> [The problem]:
In the copy, include exactly the lines from the one with "Charger l'image dans" through the end of the data and no others, both ends kept, with every picture left out.
━━ Data shown
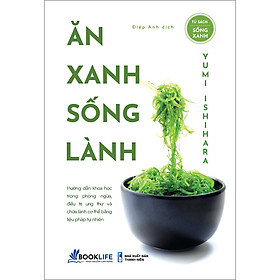 Hình ảnh Ăn Xanh Sống Lành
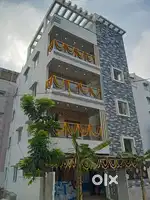 Spacious and well ventilated 2bhk for rent.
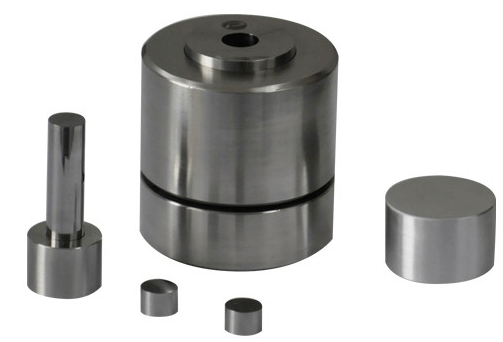 Open-flap Mold Open-flap Mold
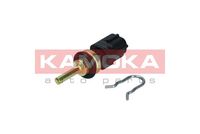 KAMOKA 4080053 - Sensor, temperatura del refrigerante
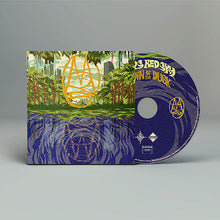 Charger l'image dans la galerie, Mars Red Sky - Dawn Of The Dusk compact disc.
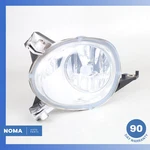 01-06 Jaguar X100 XK8 Xkr Front Left Driver Fog Light Lamp LJE5091AC Oem. Fixed Price $78.85.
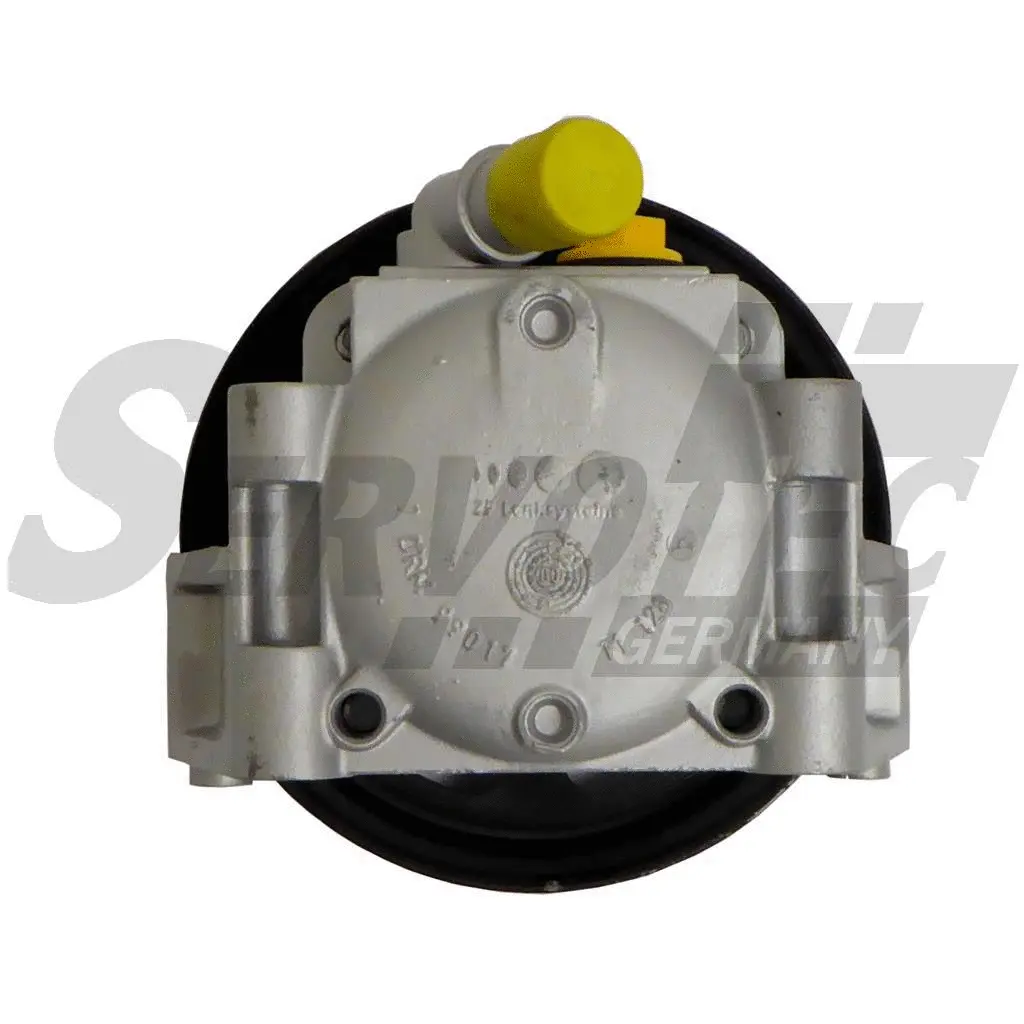 Hydraulic Pump, steering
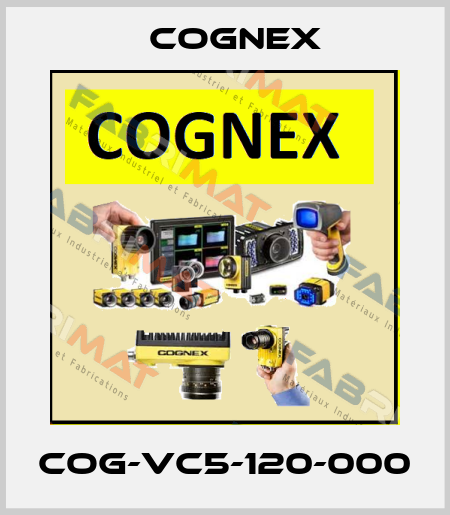 COG-VC5-120-000 Cognex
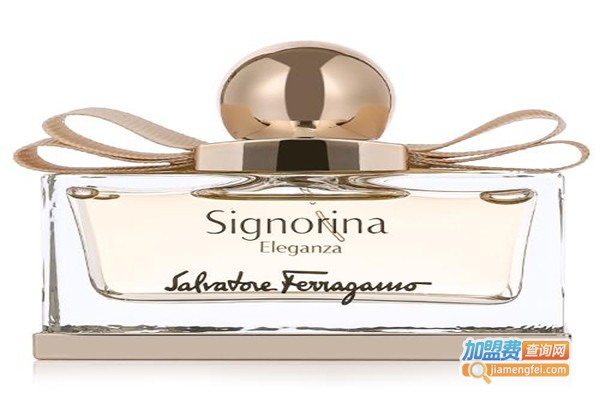 菲拉格慕香水加盟门店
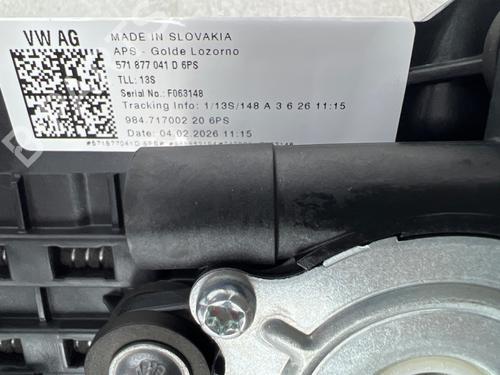 Soltag VW TIGUAN (CT1) 2.0 TSI 4motion | BP37710496C124  - Image 11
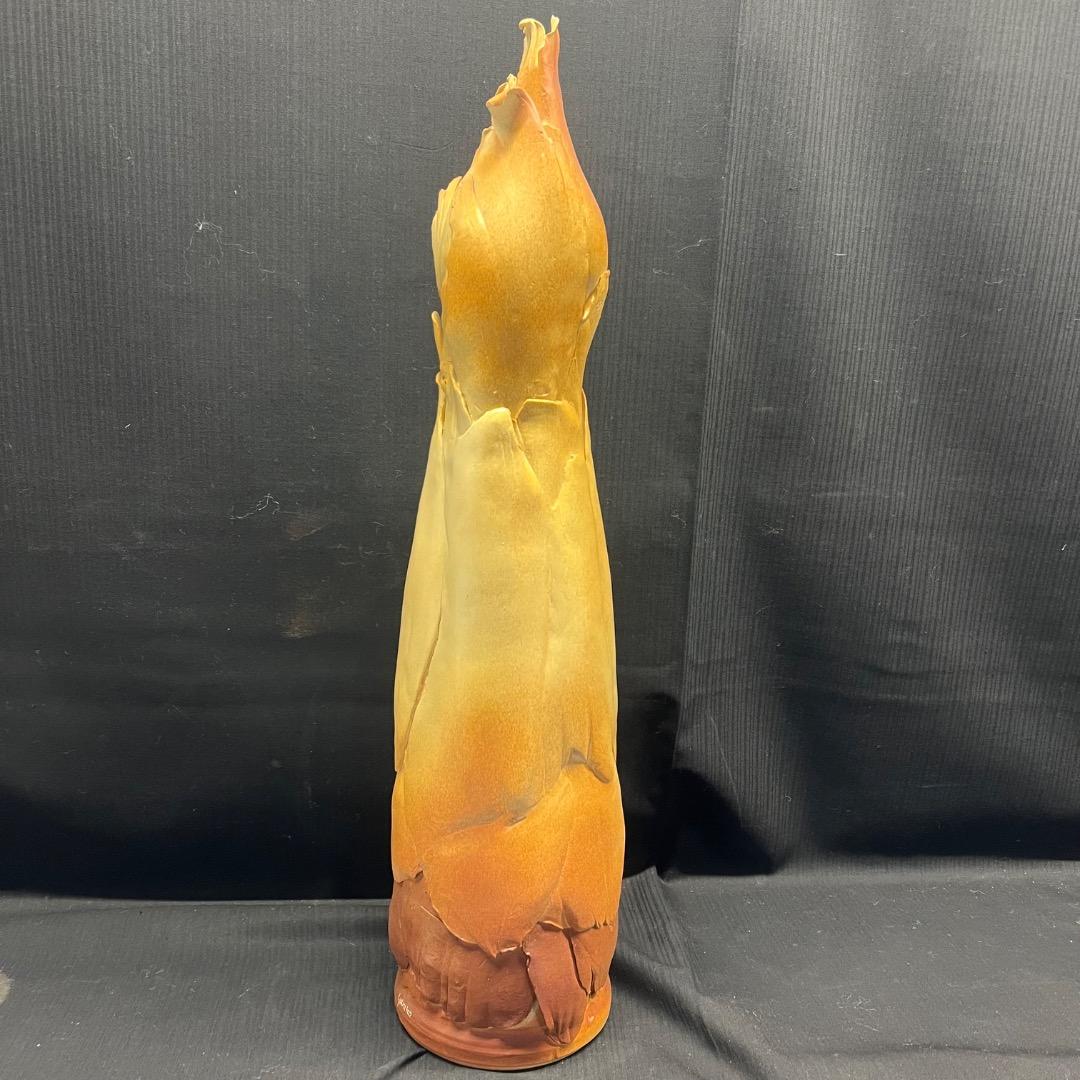 〇J⑦1001 ビンテージ 竹内祥子 陶人形 フィギュリン 女の子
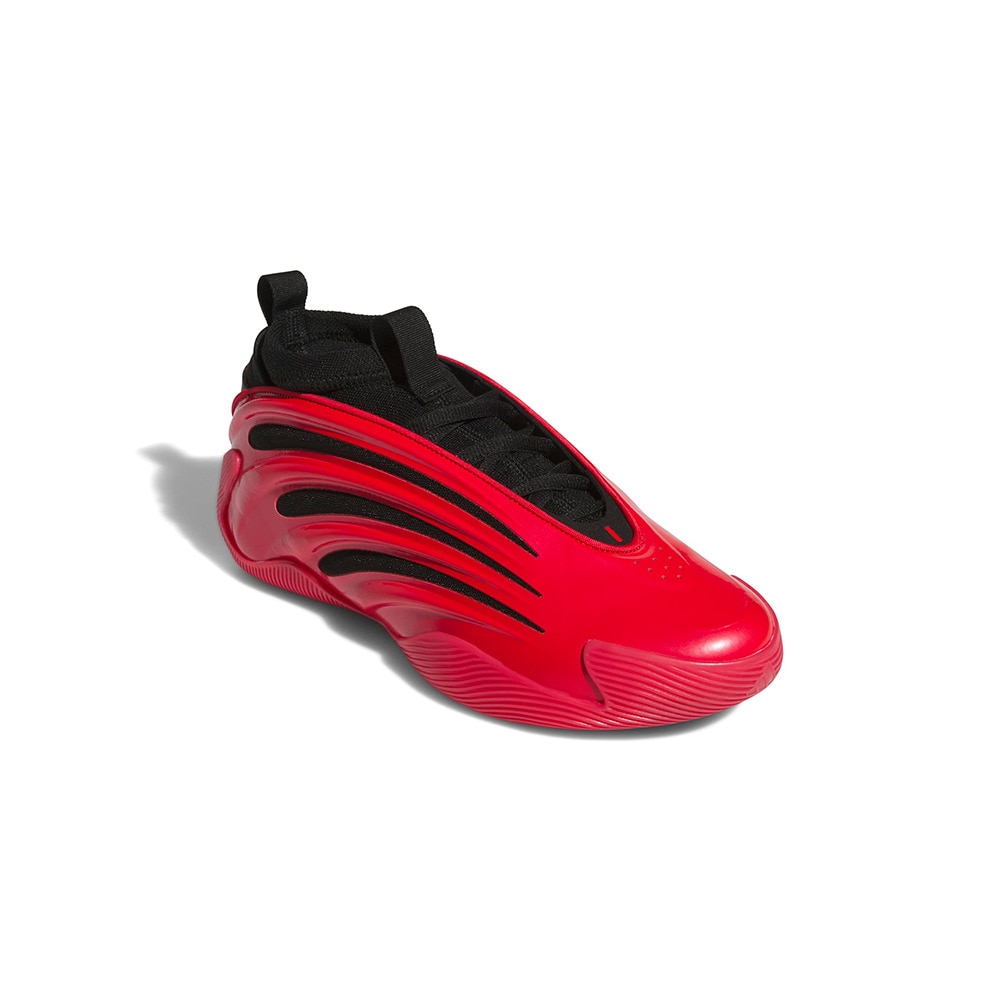アディダス（adidas）（メンズ）バスケットシューズ バッシュ ハーデン ボリューム 9 JS1304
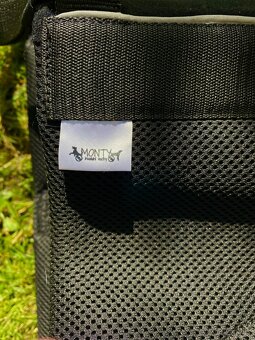 Zvedací postroj na zadní končetiny pro psa MONTY - 4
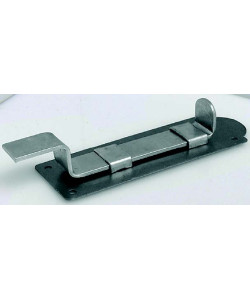 ΣΥΡΤΕΣ VERMETAL ΠΛΑΚΑ 100"ΓΩΝΑ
━━━━
> [Solution below]:
 Charger l'image dans la galerie, Mars Red Sky - Dawn Of The Dusk compact disc.
 01-06 Jaguar X100 XK8 Xkr Front Left Driver Fog Light Lamp LJE5091AC Oem. Fixed Price $78.85.
 Hydraulic Pump, steering
 COG-VC5-120-000 Cognex
 菲拉格慕香水加盟门店
 Soltag VW TIGUAN (CT1) 2.0 TSI 4motion | BP37710496C124  - Image 11
 〇J⑦1001 ビンテージ 竹内祥子 陶人形 フィギュリン 女の子
アディダス（adidas）（メンズ）バスケットシューズ バッシュ ハーデン ボリューム 9 JS1304
 Zvedací postroj na zadní končetiny pro psa MONTY - 4
 ΣΥΡΤΕΣ VERMETAL ΠΛΑΚΑ 100"ΓΩΝΑ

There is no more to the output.